The National Security Agency on Tuesday released a report attempting to outline the privacy and civil liberty protections that go into the collections of signal intelligence under authority from a decades-old executive order, known as 12333.
The report, from the NSA Civil Liberties and Privacy Office, casts little new information, and the NSA admits its protections are limited because of the nature of its work.
“Because NSA has a national security mission, the principles of transparency and individual participation are not implemented in the same manner they are by organizations with a more public-facing mission,” the report states.
{mosads}The NSA Civil Liberties and Privacy Office was established in January following criticism of the agency stemming from revelations about secret surveillance programs leaked by Edward Snowden last year.
The office is separate from the independent federal Privacy and Civil Liberties Oversight Board, which released reports earlier this year on NSA surveillance.
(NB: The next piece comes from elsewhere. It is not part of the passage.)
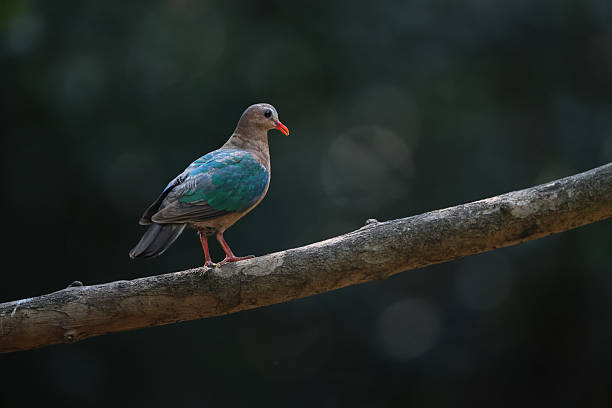 A beautiful Emerald Dove (Chalcophaps indica) perched gracefully on a tree branch, bathed in soft natural light in Thailand.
When the NSA posted a job listing for a privacy and civil liberties officer last year, some balked, saying that many times the position is used as another way to justify the programs.
“I can’t seem to find the part of the NSA Civil Liberties and Privacy Office report that slams the NSA for violating our civil liberties,” tweeted Chris Soghoian, the principal technologist at the American Civil Liberties Union.
The 12333 executive order, dating back to the Reagan era, has gained increased attention lately after the ACLU published documents that found it to be the authority that most governs NSA surveillance.
The order differs from other authority that governs collection of phone metadata in the United States, on which Congress has focused most. . The order authorizes the collection of electronic foreign communications. While Americans can’t be targeted without a court order, their information can be inadvertently swept up in other foreign investigations.
As disclosed previously, the new NSA report states that the information collected can be retained for up to five years before it has to be destroyed, unless there is a national security exception. The information can be retained longer if it is relevant to litigation.
In the new report, the NSA notes there is risk that the agency “could inadvertently collect data that is not related to the target.” It says automated systems guard against that and deletes “data it should not have received.” The agency also says it is transitioning to more modern cloud-based repositories to store the data.
When an American is identified as being incorrectly targeted during a specific foreign intelligence search, that information is deleted, according to the NSA.
“In the event an incorrect entity is targeted, all selectors associated with that entity must be removed from targeting and, if that entity is a U.S. Person, the data must be deleted from NSA system,” according to the document.
The report states that all analyst searches of signal intelligence “are documented” and they are required to record why certain queries are made.